Pour un oeil de poupée

oeil de poupée

La médiathèque dans laquelle je me fournis le plus souvent (car je vais aussi dans celle qui se trouve près de mon domicile) a décidé de faire la part belle aux romans destinés aux jeunes adolescents. J'aime bien cette initiative et ça m'a permis de découvrir ce bouquin de Marina Cohen dont je n'avais jamais entendu parler. Mais la quatrième de couverture m'a donné envie d'en savoir plus ...

Hadley et sa mère emménagent avec Ed et son fils Isaac dans une maison de campagne. Une vieille voisine leur offre trois poupées, à l'effigie des membres de la famille. Lorsque la poupée représentant Isaac tombe, le petit garçon se blesse.

Alors oui, lorsqu'on découvre le résumé il est facile de se dire que ça sent un peu le réchauffé et que l'histoire risque de ne pas être très originale. C'est le cas. Très franchement, j'ai déjà lu des récits mettant en scène des poupées étranges mais là, j'ai beaucoup apprécié ma lecture parce qu'elle s'adresse aux plus jeunes.

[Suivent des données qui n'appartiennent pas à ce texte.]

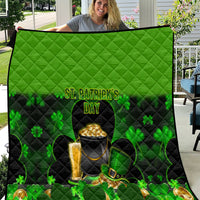 Happy St Patricks Day Quilt La Fheile Padraig Shamrock Style - Wonder Print Shop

Alors attention, ce n'est pas un roman destiné aux petits mais plutôt aux jeunes à partir d'une dizaine d'années je pense.

Du coup, lorsqu'on remplace le récit "dans son contexte" et qu'on se remet en tête le public visé, on se rend compte que tout est très bien vu et je pense que les jeunes lecteurs auront sans doute quelques sueurs froides. Lorsqu'on est adulte, il est évident que les événements ne nous font pas particulièrement peur et qu'on voit arriver certains élements mais lorsqu'on n'a pas encore beaucoup d'expérience de lecture, ce bouquin est parfait pour commencer à frissonner.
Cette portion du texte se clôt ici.